===== Data segment
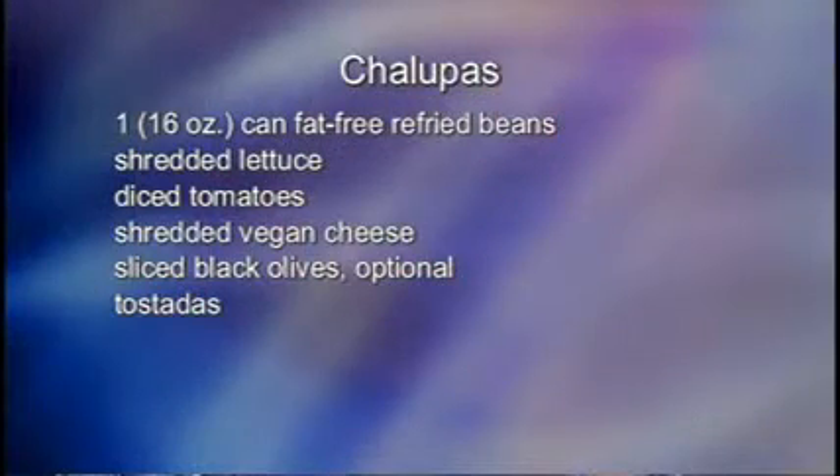Let's move to the next recipe: Chalupas. Another one of my favorites. For chalupas, you'll need one 16-ounce canned fat-free refried beans, shredded lettuce, diced tomatoes, shredded vegan cheese, sliced black olives (optional), and tostados.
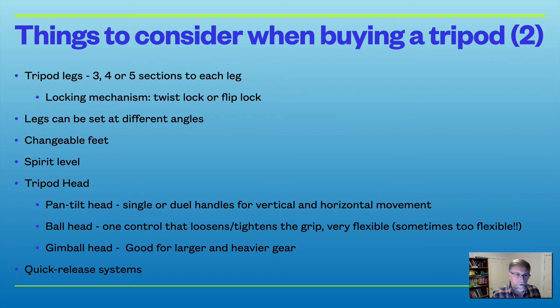There are also a variety of quick release systems for detaching the camera from the tripod. There's usually a plate screwed to the camera, and it's that plate that is released from the tripod head. It's worth trying a variety of quick release systems to see which one you prefer.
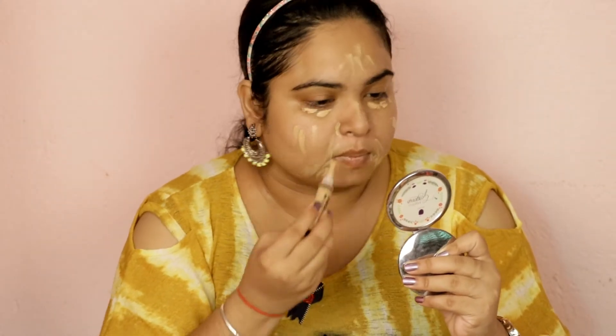I will moisturize and then use concealer on my face. I am not going to use BB cream, CC cream, or any foundation. I am going to use this concealer under my eyes, around my mouth and nose area, and wherever there is a little darkness or spots to hide them. I will blend it properly with my finger.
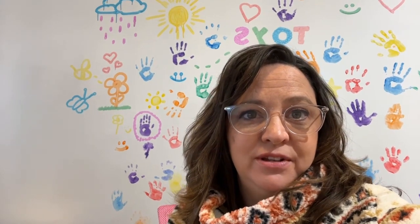Hi friends, we just wanted to show you the final results from our painting event. Everyone had a great time and was very creative, so thank you for coming. We wanted to show you the products that we used as well.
==========
Your assignment >> The required output is the line containing "I will moisturize" plus every line after it to the end of the data, copied exactly and with no pictures.

Solution >>
I will moisturize and then use concealer on my face. I am not going to use BB cream, CC cream, or any foundation. I am going to use this concealer under my eyes, around my mouth and nose area, and wherever there is a little darkness or spots to hide them. I will blend it properly with my finger.
Hi friends, we just wanted to show you the final results from our painting event. Everyone had a great time and was very creative, so thank you for coming. We wanted to show you the products that we used as well.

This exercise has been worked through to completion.